Superar la enorme hipoteca urbana que lastra el presente con decisiones eufóricas del pasado reciente no es ni de lejos tarea fácil. A corto plazo, y aun movilizando todos los recursos técnicos, legales, administrativos y políticos disponibles, parecería que los posibles acuerdos estarían limitados a un escenario insuficiente e insatisfactorio de compromisos y equilibrios: reducir los aprovechamientos concedidos a los propietarios y pulir lo más duro de sus diseños a cambio de transigir o renunciar en parte a alguno de los objetivos urbanos y suprimir o costear con dinero público las obras extra más costosas. En breve: enmendar planos y reducir costes para hacer más llevadero el trance.
Pero para quien aspira a la mejor ciudad eso no debe bastar.
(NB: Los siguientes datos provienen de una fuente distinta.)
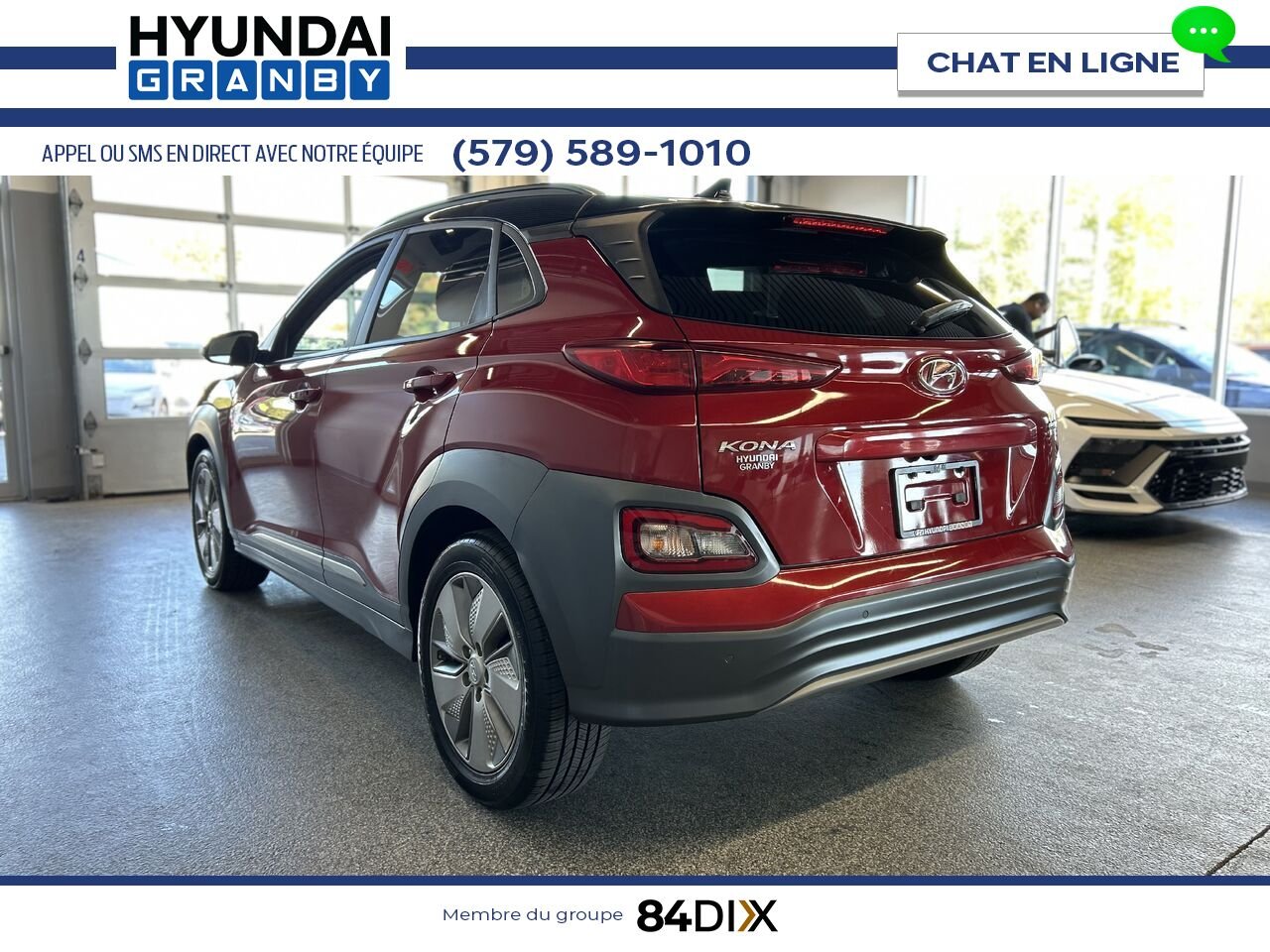 2021 Hyundai Kona Electric Red Granby - photo #3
La ciudad debe saber entender, y utilizar a favor, que la realidad está de su parte y que como lo inviable no es viable, tratar de hacer lo que en su día se dijo, tal cual y en los plazos previstos (legalmente el no cumplimiento de plazos cambia mucho las cosas), sería perseguir una arriesgadísima quimera que anuncia desastre... y contrariar la oportunidad de hacer las cosas bien.
Superar la enorme hipoteca urbana que lastra el presente con decisiones del pasado no es una tarea fácil
Estas historias, sea cual sea su resultado final, dejan lecciones. La primera y tal vez la principal es mirar y asimilar aquellos casos en que la iniciativa pública ha llevado a cabo sin problemas, con control también público de la gestión y el diseño y con saldo positivo para todos, actuaciones igualmente grandes, algunas modélicas: barrios, poblados y actuaciones de vivienda social a partir de los 50 o 60 por toda España; cambios urbanos coordinados de la Barcelona del 92; consorcios urbanísticos en la Comunidad de Madrid a partir de los 90; recuperación urbana de la Ría de Bilbao y el eminente desarrollo de su isla de Zorrotzaurre... Las grandes actuaciones, bien llevadas, no tienen por qué ser negativas (las enormes, probablemente, sí).
Hay más lecciones: se deben resolver con acierto las hipotecas urbanas indebidas y evitar en lo posible las nuevas, hace falta más realismo y análisis crítico en lugar de ensoñaciones de futuros que todo lo harían fácil, medir los tiempos, no más actuaciones enormes de iniciativa privada con completa cesión de su diseño urbano, más apoyarse en las propias fuerzas y menos hacer las cuentas del Gran Capitán con los dineros que aún no son. Y sin duda hay otras.
La tarea pendiente más urgente y políticamente difícil es la de revisar a fondo la Ley del Suelo, e incluso cambiarle el nombre, para que su objetivo básico sea facilitar el planeamiento y conseguir unas ciudades y una vida urbana mejores, sin desigualdades forzadas, y social, productiva y medioambientalmente idóneas. El régimen jurídico y económico del suelo importa, pero el de la ciudad importa mucho más. El reto está ahí y son tiempos de cambio.